1:8 自分に罪がないと言うなら、自らを欺いており、真理はわたしたちの内にありません。
1:9 自分の罪を公に言い表すなら、神は真実で正しい方ですから、罪を赦し、あらゆる不義からわたしたちを清めてくださいます。
1:10 罪を犯したことがないと言うなら、それは神を偽り者とすることであり、神の言葉はわたしたちの内にありません。
私たちは、この世で、逃げ出したいところが多々あろうかと思います。置かれた状況から逃げ出したい、この針の筵から逃げ出したいのにできない、深刻ないじめの中から逃れたい、そんな苦しみがあるかもしれません。極度の緊張感の中に置かれ続けている、見通しの立たない将来に絶望しかけている、辛い人間関係に悩んでいる、そしてもしかすると、職場や学校に、あるいは自分の家にさえ、自分の居場所がないと思っている、そんなことがあるかもしれません。
自分がやったこと、いわば自分の「罪」によって、そうした場面に追い込まれているということもあるでしょうか。どこか逃げ込む場所があるのならば、まだいいのに、それがないとなると、休まるところがありません。享楽に逃げ、酒に逃げ、あるいは好ましくない異性や人間に逃げる、そういうことがあり得ませんでしょうか。
でも、逃げ場所を間違っていないでしょうか。
あなたを完全に匿うことができるのは、そんなものでもないし、そんな人々でもないはずです。神のもとに、または神のより具体的な現れとしての、イエス・キリストの許に逃げ込むことこそ、必要だったのではないでしょうか。イエスはあなたを完全に匿うことができます。弁護だってします。血だらけの両手を拡げて待っています。そこに飛び込む気持ちがありますでしょうか。その血が、自分がつけた傷なのだということにさえ気づいていれば、その手はあなたをしっかりと抱き留めてくださいます。聖書は、そのようなことを告げているのだ、と私は受け取っています。
旧約聖書の逃れの町の規定では、次のように言われていました。
20:6 彼は、共同体の前に出て裁きを受けるまでの期間、あるいはその時の大祭司が死ぬまで、町にとどまらねばならない。
私たちは、神の前に出て裁きを受けることになります。けれども、それまでずっとその逃れの町に留まることができます。
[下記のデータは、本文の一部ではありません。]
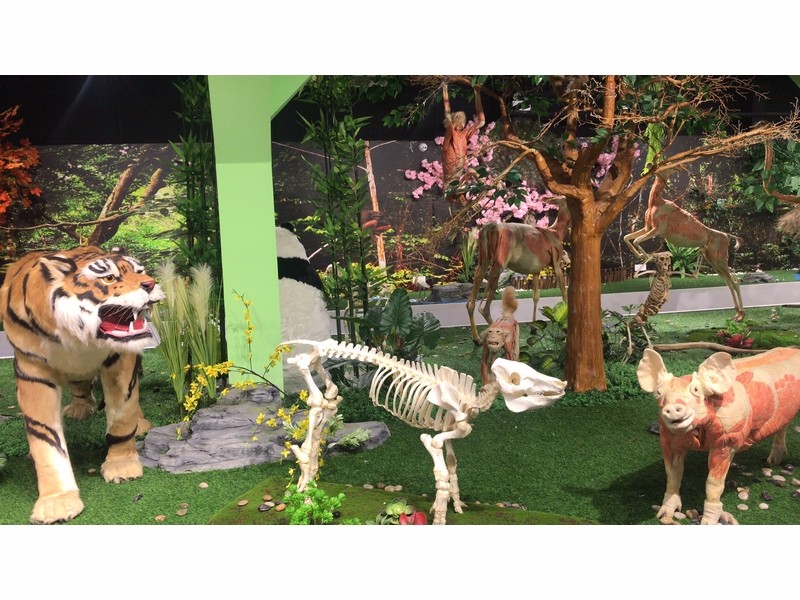 動物剝制仿生標(biāo)本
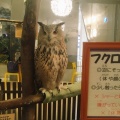 実際訪問したユーザーが直接撮影して投稿した豊砂テーマカフェMoff animal cafe イオンモール幕張新都心店の写真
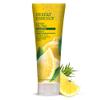 Desert Essence Lemon Tea Tree Shampoo & Conditioner Bundle - 8 Fl Ounce - Clarifying For Oily Hair - Essential Oils - Strengthen & Protect Hair - Effective Cleansing view 2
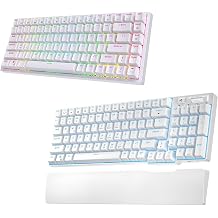 RK ROYAL KLUDGE RK84 RGB Blue Switch White & RK96 Blue Backlight Blue Switch White Bundle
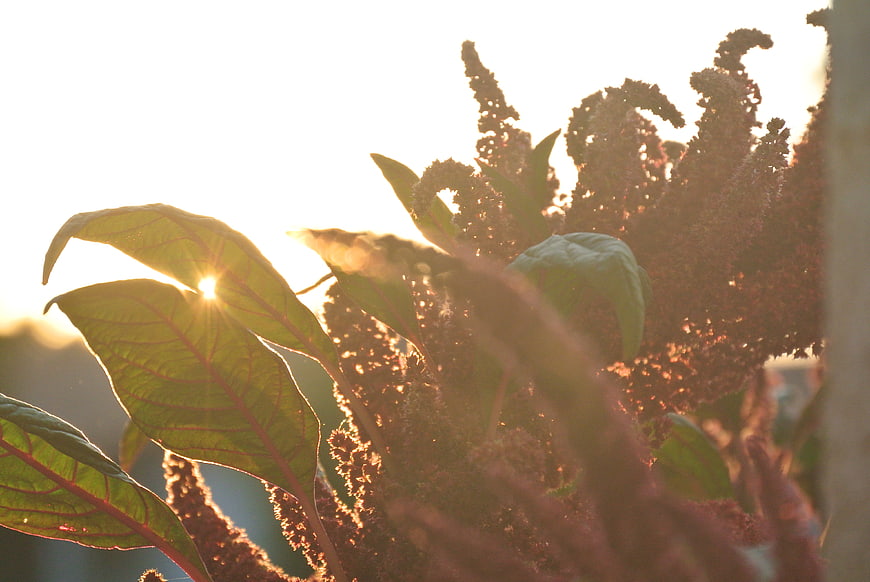 Backlit Amaranth Plant with Sun Flare at Sunset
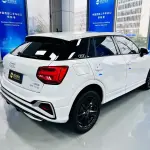 Audi Q2L 2022 из Китая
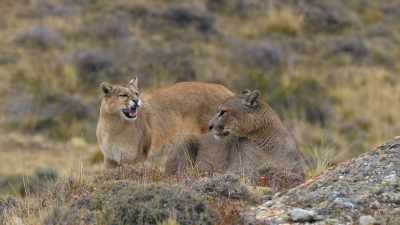 Finding a partner - The Secret Lives of Animals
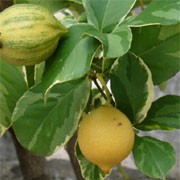 'Eureka' is an evergreen shrub with fragrant white flowers flushed red followed by rounded, large, thick-skinned yellow fruit in summer and autumn. Good winter hardiness. Citrus limon 'Eureka' added by Shoot)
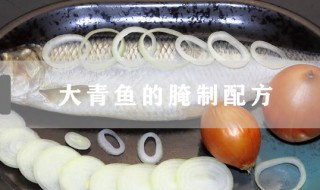 大青鱼的腌制配方 大青鱼的腌制方法如下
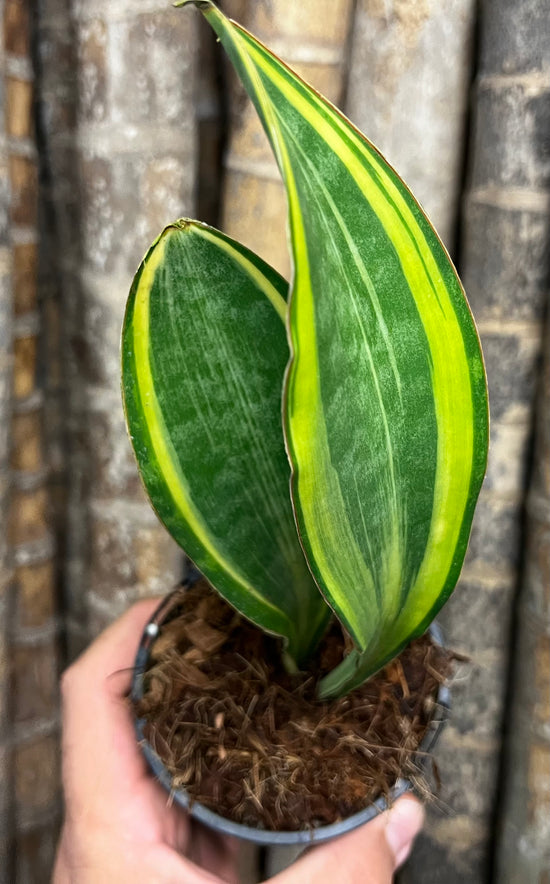 Sansevieria &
また、大祭司が死ぬまで留まるべしと言われますが、イエスは「永遠にメルキゼデクと同じような大祭司」(ヘブライ6:20)となったのであり、また復活のイエスにはもう「死ぬ」ということはありませんから、逃れの町にはいつまでもあなたの居場所があることになります。
イエスは、この逃れの町に、あなたを受け容れようと待っています。すると、神の支配する領域、言い換えれば神の国に、あなたの居場所が与えられるでしょう。そして、神はあなたのそばに常にいてくださることでしょう。あなたは、神と共に住むことが、必ずや許され、安らぎを与えられることでしょう。そんなイエスと、きょうお出会いくださるように、と私は強く願っています。